As we continuously discuss loyalty, partisanship, and civility, we forget how our Founders acted illegally, angered many, and defied the power-that-be. Samuel Adams organized and directed people to revolt against the King. Although loyalists called him and evil and vindictive man and fought to develop an aristocracy that would follow the crown, Adams rallied the common people for encroaching on home rule. The Royal Governor said of Adams, “I doubt if there is a greater incendiary in the King’s dominion or a man of greater malignity of heart.” It may have the flourish of pleasant speak, but it has the tone of the insults we hear today.
The Rights of the Colonists
In 1772, Samuel Adams drafted a declaration of the rights of the colonists as men, as Christians, and as subjects of the British Crown. This statement predated the Declaration of Independence by four years.

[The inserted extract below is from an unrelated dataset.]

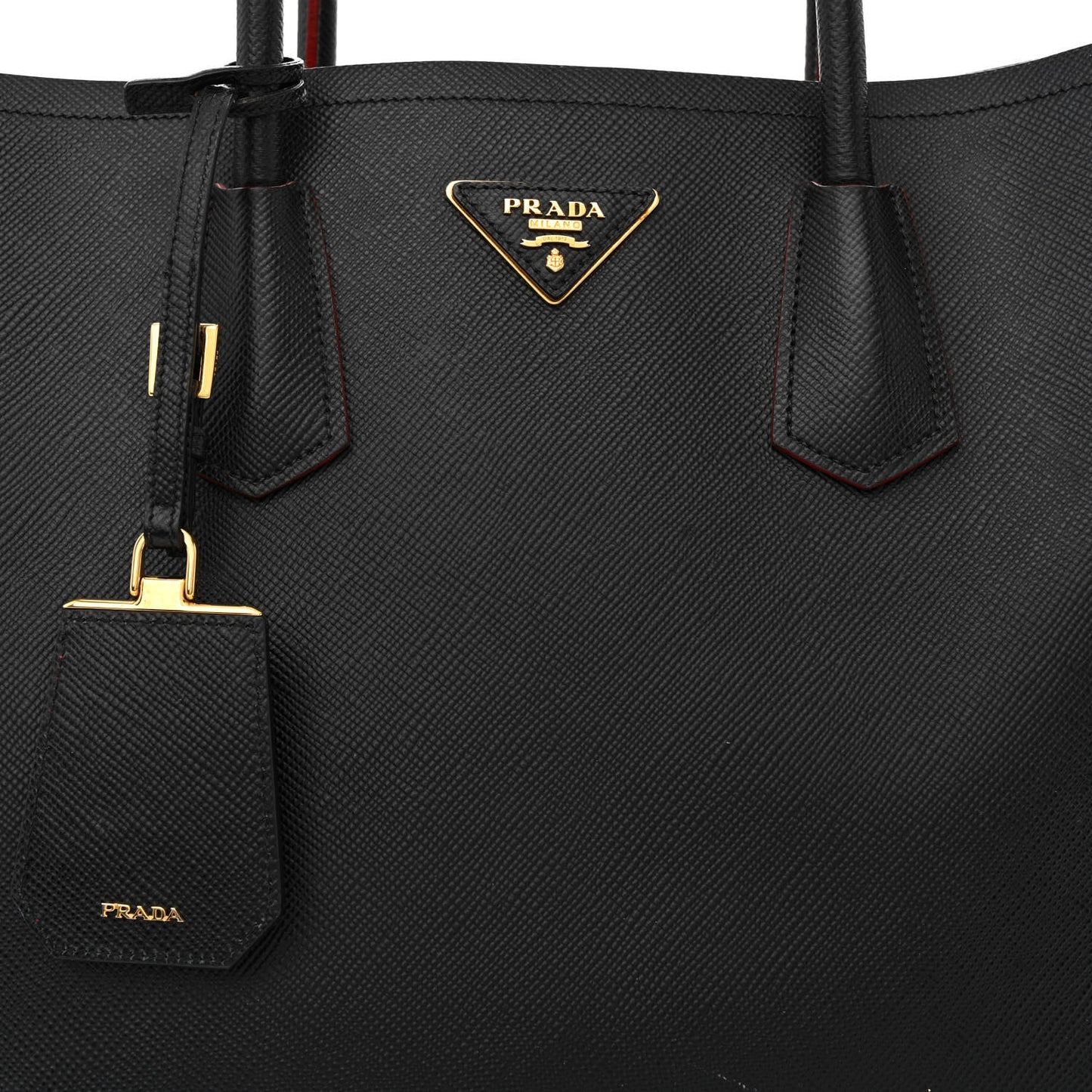 Saffiano Cuir Medium Double Bag Black Fuoco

[I]t is the greatest absurdity to suppose it in the power of one, or any number of men, at the entering into society, to renounce their essential natural rights, or the means of preserving those rights; when the grand end of civil government, from the very nature of its institution, is for the support, protection, and defence of those very rights; the principal of which, as is before observed, are Life, Liberty, and Property. If men, through fear, fraud, or mistake, should in terms renounce or give up any essential natural right, the eternal law of reason and the grand end of society would absolutely vacate such renunciation. The right to freedom being the gift of God Almighty, it is not in the power of man to alienate this gift and voluntarily become a slave.
Have to love how often slavery appears as a punishment of giving up freedom, yet still exists in the colonies.

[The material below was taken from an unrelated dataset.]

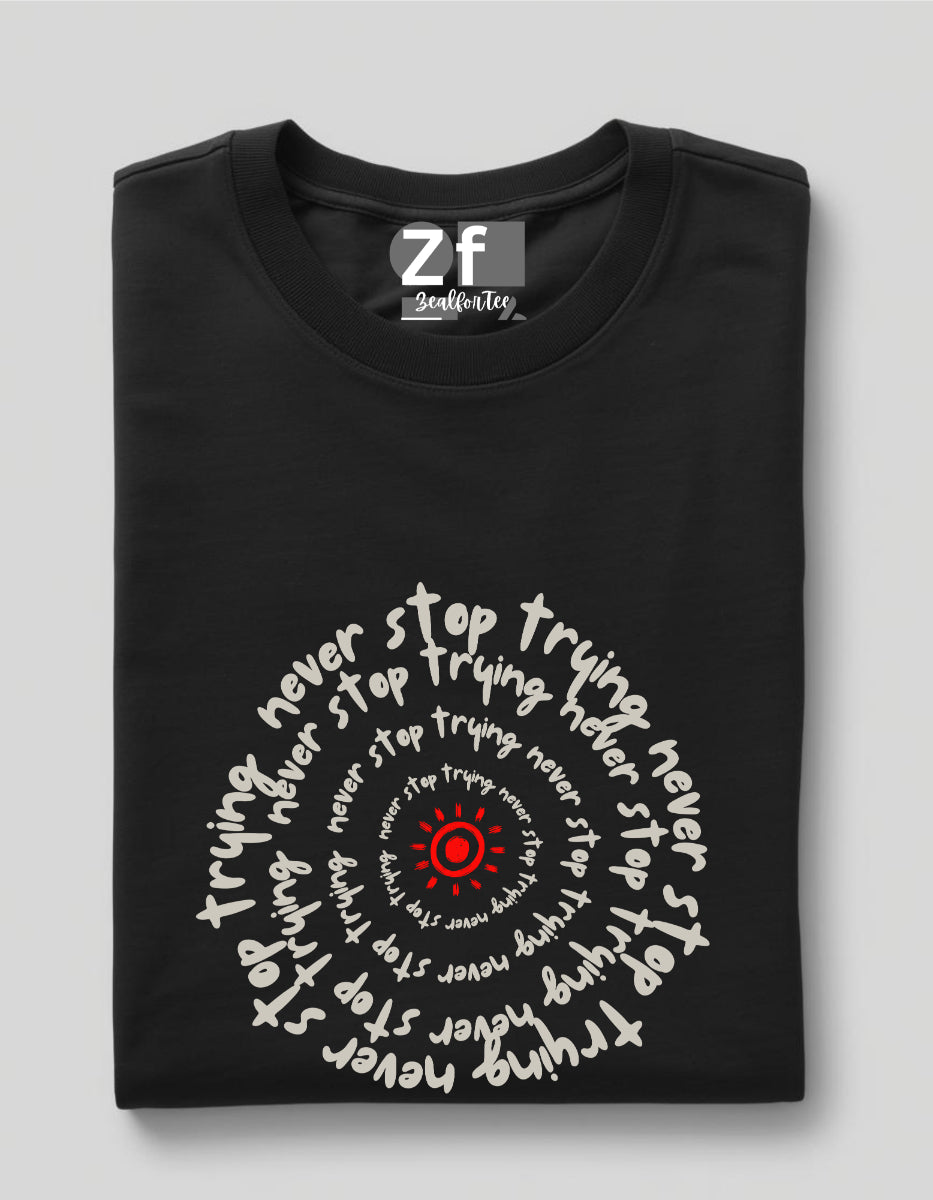 Men Never Stop Trying Oversized T-shirt Folded By ZealforTee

Adams attacked the overall view that the few should govern the many. He
- attacked British law for not serving the general welfare;
- championed the revolutionary principle that the people should defy abusive laws imposed on them;
- created the Committees of Correspondence, which were used to rally support for independence; and
- organized the Constitutional Congress and drafted the Articles of Confederation.

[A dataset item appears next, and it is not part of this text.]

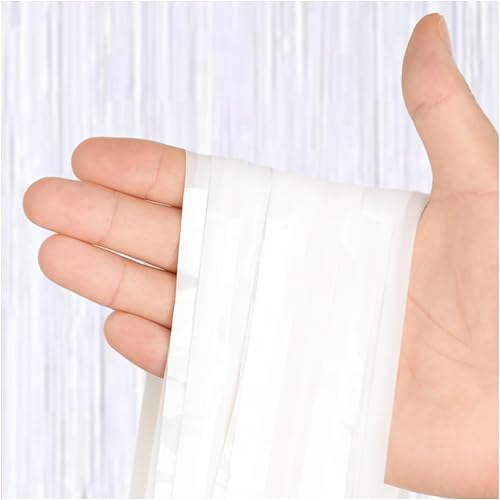Miniatura 2 de Paquete de 5 cortinas de fondo de flecos de papel de aluminio blanco de 3.3 x 6.6 pies, cortinas de fondo de serpentina, decoraciones de fiesta de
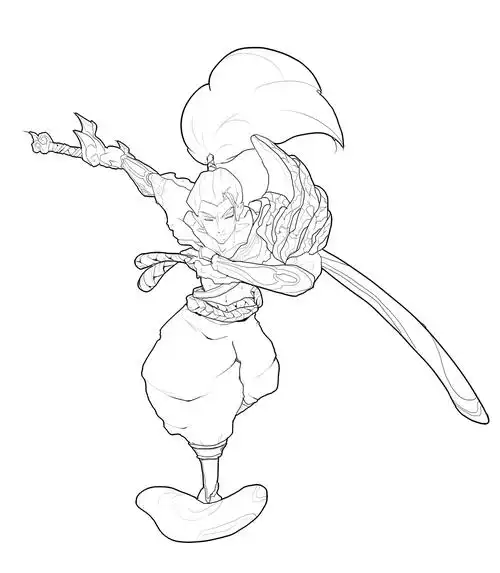 超简单的亚索简笔画 - 简单简笔画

During the Second Continental Congress, he signed of the Declaration of Independence. He also created the Articles of Confederation. In 1781 he returned to Massachusetts and was elected to the State Senate. He was appointed Lieutenant Governor of Massachusetts in 1789 and elected Governor of Massachusetts in 1794.
Adams did not work on the Constitution. He opposed it and the federal government. However, the Massachusetts Compromise, which included the proviso that some amendments be added later, brought him to vote aye. He then worked to create the Bill of Rights. As the northern leader of the Jefferson Republicans, he fought the Federalist Party, which took power in Massachusetts. He retired with President Washington. And has had a interesting historical analysis since.
Why Douglas Focuses on Adams And What We Need Today
Justice Douglas loved liberty. He had a strong libertarian bent that would have appealed to Adams. Both believed that the people deserve more power. They did not like government stepping in to tell people what to do. Douglas wrote of Adams, “He not only helped prepare the American mind for revolution, he organized the people for political action, making clear where the opposition was vulnerable and what political tactics were practical.”
When I look at the Resistance today, this is where I feel we fall apart. Today’s society does not want to join organizations. We currently live in an anti-establishment world. People don’t join clubs, churches, or socialize outside of their current group of friends. Movement has decreased. “Just slightly more than one in ten Americans (11.2 percent) moved between 2015 and 2016, almost half the 20.2 percent rate back in 1948, when the Census began tracking American mobility.” Therefore, people stick with who and what they know instead of meeting new people or experiencing different aspects of life.
In my view, this means people don’t have to join and in fact, don’t want to join, anything. Democrats and liberals need people like Adams to make clear why the Republican and Trump party are vulnerable. Just like many vilified Adams, we need leaders to take those wounds. Adams did not become President. But he did create the nation we love. And ensured that the liberties of individuals did not disappear through a federal government.